Speaking on the sidelines of a three-day educational conference, held at the Cape Town International Convention Centre, South Africa, the Executive Secretary of the commission, Prof Julius Okojie, said owing to the benefit inherent in teaching, research and community service, efforts should be in top gear to fulfill the mandate.
The yearly conference tagged “Going Global,” was organised by the British Council for leaders in higher education around the globe to discuss issues affecting the sector and proffer solutions as well.
A statement endorsed by the communications manager of the council in Nigeria, Desmond Omovie, said this year’s edition had as its theme,
“Building Nations and Connecting Cultures: Education Policy, Economic Development and Engagement,” Over 800 participants were in attendance.
Okojie who was one of the delegates from Nigeria, pledged that going forward, Nigerian universities would intensify globalisation drive in the areas of collaborations and exchange programmes with other universities, in both developed and developing economies, adding that such would drive healthy competition.
On consistent low ranking of Nigerian universities globally, he said it was not as if Nigerian universities have done badly, but that the parameters, which form the basis of such rankings were just unfriendly not only to Nigerian, but African universities, essentially because they were relatively younger in age.
He said, “Our universities would continue to strive to get better by the day so as to stem brain drain and the crave for foreign studies, and at the same time attract both foreign lecturers and students. We would also strive to produce graduates that would become global assets.”

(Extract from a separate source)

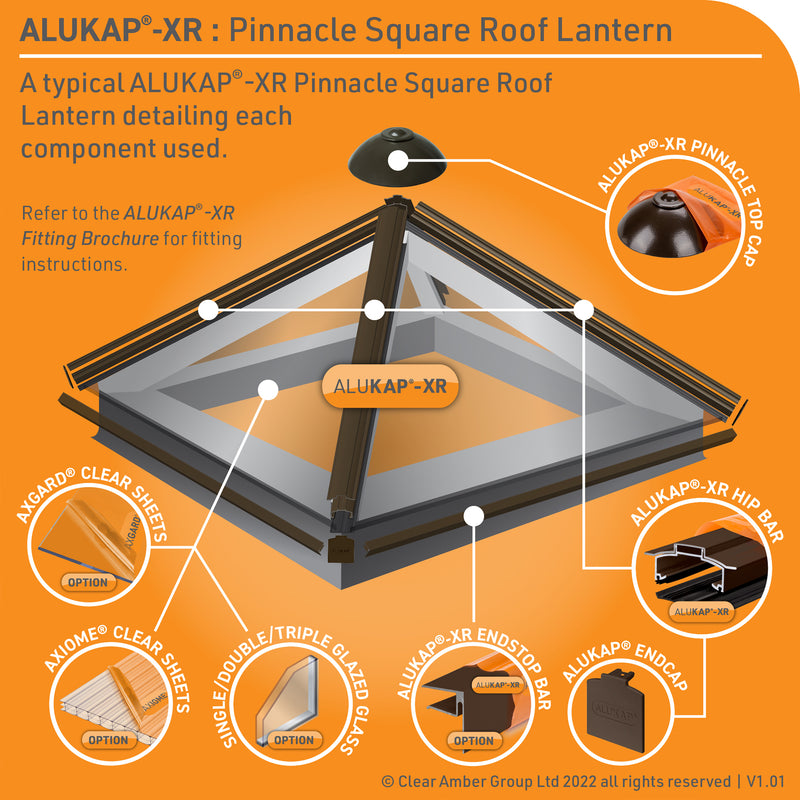 Alukap-XR Hip Bar Square Pinnacle Roof Lantern Example Project Brown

South African Minister for Higher Education and Training, Dr. Blade Nzimande, who spoke at the opening plenary session of the world’s largest education conference, told the audience comprising of ministers, higher education leaders, policy-makers, vice chancellors and institutional heads, that South African universities make a significant contribution to supporting education on the continent.
He said other institutions should endeavour to do so by allowing academics to undertake researches and produce quality outputs that would inform quality policy globally.

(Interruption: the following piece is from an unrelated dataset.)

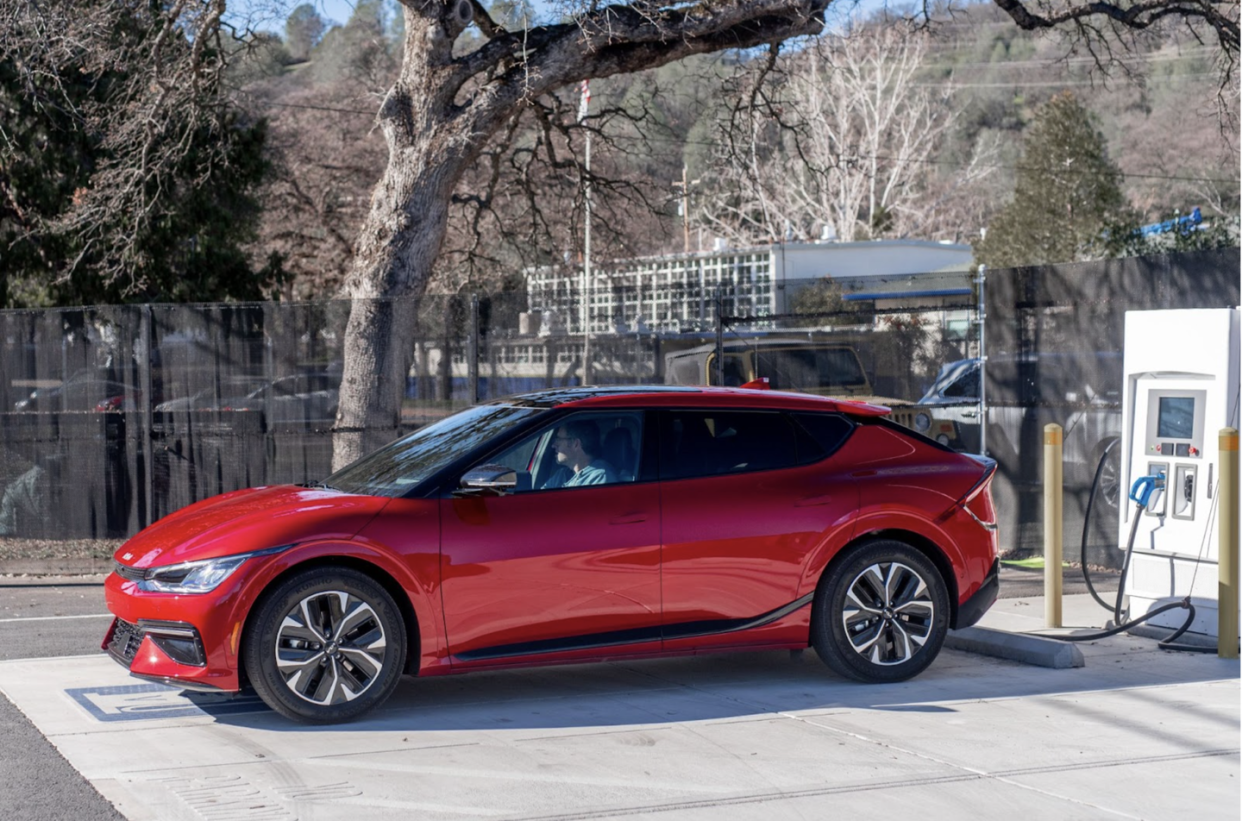 kia ev6 plugged into a dc charger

“One of the main thing we need is for our academics to undertake research and produce quality outputs that in the end will inform policy and influence positive outcomes for the greater good of society. We must deliberately seek to change the location of our continent in knowledge production from consumer to producer of globally respected knowledge.”
Chief Executive, British Council, Sir Ciarán Devane, said, “I believe this century will be an African century. That is because Africa has one very big thing on her side, which is potential. No one nation, or even one continent, can hope to adequately address all the big issues facing people. And because challenges are connected, solutions must be connected.”